I'm going to guess you've never watched real time grid load, let alone the modeling used to manage it. It peaks and falls every single day.

If we design around peak load, and the load beyond peak occurs, is that ever OK? You ever trip a breaker in your house?

Quote:
Anything in excess is currently wasted.
So, yah, it seems you don't understand the grid, or how it's regulated by the fed. Spinning reserve? Load shed contingencies? It's not wasted, it's required.

It's like looking at the freeway at 2AM and thinking we can add more cars to the commute and not have traffic problems. That the freeway is vacant at 2Am says nothing about the gridlock at 7:30AM and 5:30 PM. You have to design around the max load, and like traffic, there is a max load that plays out every single day. Those empty lanes on the highway at 2AM aren't wasted.

Looking at averages obscures the peaks, and the peaks are the problems.
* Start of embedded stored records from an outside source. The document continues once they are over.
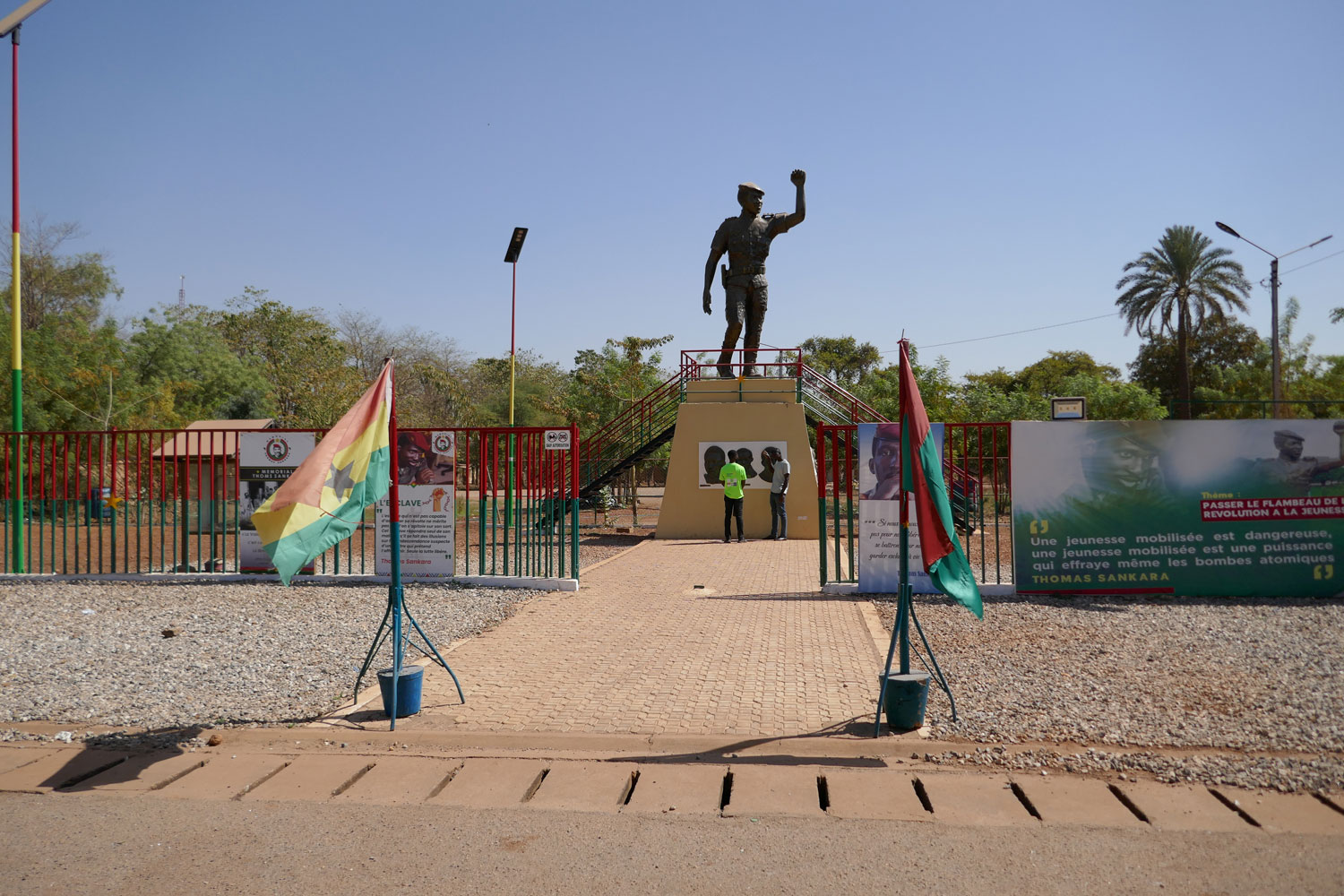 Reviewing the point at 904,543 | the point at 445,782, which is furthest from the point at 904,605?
the point at 445,782

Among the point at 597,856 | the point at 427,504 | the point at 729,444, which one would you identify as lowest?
the point at 597,856

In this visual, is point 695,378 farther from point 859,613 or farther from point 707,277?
→ point 859,613

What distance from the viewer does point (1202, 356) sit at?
5041 centimetres

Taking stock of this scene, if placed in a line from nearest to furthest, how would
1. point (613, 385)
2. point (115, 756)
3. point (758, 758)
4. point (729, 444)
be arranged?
point (758, 758) → point (115, 756) → point (729, 444) → point (613, 385)

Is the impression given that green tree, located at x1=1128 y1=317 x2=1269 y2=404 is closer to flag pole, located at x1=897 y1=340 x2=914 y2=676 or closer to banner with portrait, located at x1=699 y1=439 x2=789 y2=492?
banner with portrait, located at x1=699 y1=439 x2=789 y2=492

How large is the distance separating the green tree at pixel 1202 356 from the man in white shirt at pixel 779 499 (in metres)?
36.8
Do you know when people charge their EV's? It's not when there is solar power in the grid. Timing the supply to the demand is far more complex than most realize, and we are about to upset that balance profoundly.


Texas and California have both had to ask EV's to not charge this year so their grids won't collapse. It's not a future problem, it's a today problem.

Quote:
While your usage may double, the grid demand will not.
The distribution system that feeds these residential loads is far more miles and far more complex than the grid, and a lot of it is buried in the ground so it's hard to change. Even if you could generate the watts and move it on the transmission lines to the substations (many of which are already overloaded), how do you plan to deliver it on the distribution system?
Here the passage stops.